Let's take a look at why Google is growing so quickly in the educational market and whether or not Apple and Microsoft can throttle its growth with fresh tactics.

Why Google is taking over classrooms
Google is winning in schools for two simple reasons -- its price and its cloud ecosystem.

A recent scandal in the Los Angeles Unified School District highlights problems with selling iPads to schools. The $1.3 billion deal between the district, Apple, and educational software provider, Pearson, intended to give all students, regardless of income, access to iPads. However, students quickly hacked the iPads to install apps, $2.1 million in equipment went missing, and the district's contract became the subject of an FBI probe due to the superintendent's close relationships with Apple and Pearson executives.

That PR disaster likely convinced other schools to ditch the iPad Air, which cost $379 apiece after educational discounts, for the cheaper Chromebook. Microsoft is now trying to match that price with low-end Windows laptops like Hewlett-Packard's $199 Stream.

Earlier this year, Google introduced its free Google Apps for Education suite, a version of Google Drive designed for cloud-based collaboration on documents and projects. By comparison, Apple's iPad relies on specialized apps, lacks a physical keyboard for extended periods of typing, and its productivity apps (Pages and Numbers) are arguably less refined than Google Apps. Microsoft's Office 365 is comparable to Google Apps, but it's only free for students, not for schools.

Why Google can give its apps away for free
Google doesn't manufacture any Chromebooks, although it helps ship them. Hardware partners like Samsung and Acer handle all the manufacturing. Google doesn't make any money directly from Chrome OS, which is a free, open source operating system like Android. This is different from Apple, which generates revenue from iPad sales, or Microsoft, which generates revenue by selling Windows and Office 365 licenses to schools.
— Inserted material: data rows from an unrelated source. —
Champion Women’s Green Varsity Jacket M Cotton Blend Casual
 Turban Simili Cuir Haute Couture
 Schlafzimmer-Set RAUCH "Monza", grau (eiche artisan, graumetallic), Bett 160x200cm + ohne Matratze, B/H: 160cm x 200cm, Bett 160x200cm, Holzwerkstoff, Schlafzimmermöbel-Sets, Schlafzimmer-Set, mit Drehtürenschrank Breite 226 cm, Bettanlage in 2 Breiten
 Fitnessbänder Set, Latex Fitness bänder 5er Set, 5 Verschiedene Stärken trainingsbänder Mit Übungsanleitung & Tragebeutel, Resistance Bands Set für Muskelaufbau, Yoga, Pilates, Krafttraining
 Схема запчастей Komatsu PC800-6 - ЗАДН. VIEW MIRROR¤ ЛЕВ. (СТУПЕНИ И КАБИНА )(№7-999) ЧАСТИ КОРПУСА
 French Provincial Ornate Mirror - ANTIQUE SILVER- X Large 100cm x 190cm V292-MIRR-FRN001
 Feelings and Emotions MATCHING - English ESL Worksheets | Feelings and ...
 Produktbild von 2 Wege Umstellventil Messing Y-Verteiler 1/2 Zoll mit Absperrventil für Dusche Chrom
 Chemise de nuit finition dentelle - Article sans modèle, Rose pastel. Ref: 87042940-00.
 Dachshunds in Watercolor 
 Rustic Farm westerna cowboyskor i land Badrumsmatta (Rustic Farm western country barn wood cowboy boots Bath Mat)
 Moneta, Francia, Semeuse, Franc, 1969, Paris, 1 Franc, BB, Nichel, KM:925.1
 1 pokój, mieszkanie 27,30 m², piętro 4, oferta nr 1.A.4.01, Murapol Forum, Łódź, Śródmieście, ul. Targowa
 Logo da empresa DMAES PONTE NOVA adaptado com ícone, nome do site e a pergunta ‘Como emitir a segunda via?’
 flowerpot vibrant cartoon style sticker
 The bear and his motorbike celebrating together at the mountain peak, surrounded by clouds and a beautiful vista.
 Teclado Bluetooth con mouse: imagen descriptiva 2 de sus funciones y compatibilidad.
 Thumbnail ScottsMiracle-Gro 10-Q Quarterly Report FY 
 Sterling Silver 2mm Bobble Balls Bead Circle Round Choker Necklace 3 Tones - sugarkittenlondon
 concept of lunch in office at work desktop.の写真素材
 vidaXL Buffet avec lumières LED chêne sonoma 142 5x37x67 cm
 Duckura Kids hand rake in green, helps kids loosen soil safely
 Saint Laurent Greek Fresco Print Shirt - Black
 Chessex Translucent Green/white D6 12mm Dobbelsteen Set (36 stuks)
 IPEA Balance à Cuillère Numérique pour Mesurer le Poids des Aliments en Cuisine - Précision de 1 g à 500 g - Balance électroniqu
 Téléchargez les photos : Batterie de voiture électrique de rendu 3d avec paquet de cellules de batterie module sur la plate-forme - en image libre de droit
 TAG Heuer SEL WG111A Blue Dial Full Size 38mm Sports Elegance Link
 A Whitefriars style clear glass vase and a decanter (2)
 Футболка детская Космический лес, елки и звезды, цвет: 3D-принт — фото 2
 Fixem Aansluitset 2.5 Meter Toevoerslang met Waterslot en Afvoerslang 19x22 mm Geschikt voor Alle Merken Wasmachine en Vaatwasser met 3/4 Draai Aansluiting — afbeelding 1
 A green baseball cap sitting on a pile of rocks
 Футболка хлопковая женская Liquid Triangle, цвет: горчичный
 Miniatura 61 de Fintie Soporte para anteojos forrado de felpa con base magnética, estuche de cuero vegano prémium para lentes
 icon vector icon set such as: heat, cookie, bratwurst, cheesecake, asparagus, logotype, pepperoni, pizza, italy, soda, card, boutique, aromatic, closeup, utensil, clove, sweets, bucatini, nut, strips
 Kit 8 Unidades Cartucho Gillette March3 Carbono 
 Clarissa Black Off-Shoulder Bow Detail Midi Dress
Google is also giving away Google Apps for Education to tether more teachers and students to its ecosystem with Gmail accounts -- which allows them to log in to Android, Chrome, YouTube, Google Maps, Google+, and other Google services. Getting students hooked on Google's productivity apps early ensures that they rely on Google, not Microsoft's Bing or other search engines, to do their research. That feeds directly back into Google's core business -- search traffic and advertising revenue.

Why Apple and Microsoft should worry
Apple and Microsoft probably aren't worried yet, since the U.S. education market doesn't account for a huge chunk of their overall sales. iPads sold to U.S. schools only accounted for 5% of total units shipped during Apple's third quarter. Microsoft could bounce back by making Office 365 completely free for schools -- a gutsy play but one that is in line with previous decisions to make Office 365 free for iOS and Android devices.

But Google's core advantages of pricing and user-friendly cloud collaborations are hard to ignore. Google is also gradually merging Chrome OS with Android, which means that data and apps could soon be seamlessly transferred between Chromebooks and Android devices. Apple's "bridge" between iOS 8 and OS X, Continuity, only allows certain tasks to be handed off between devices. Microsoft's Windows 10 promises to unify mobile devices and PCs, but it won't launch until next year.

The hidden threat to Apple and Microsoft is that many start-ups are thinking in the same manner as schools. Google is already targeting small and medium sized businesses (SMBs) with Chromebooks at Work, which offers enterprise customers access to its advanced Chrome OS management features and support for $50 annually per device. Chromebooks also have virtualization features, from VMWare and Citrix, which let Chrome OS users emulate certain Windows apps.

Why investors should care about Chromebooks
The rise of Chromebooks in U.S. schools is alarming for Apple and Microsoft, because it exposes the core weaknesses of iPads and Windows PCs.

Just as with smartphones and tablets, Google is showering the market with free operating systems and apps to gain market share against rivals which can't survive on the same business model. That could eventually pave the way for Chromebook sales -- which Gartner expects to nearly triple by 2017 -- to surge and take a bite out of the SMB enterprise market as well.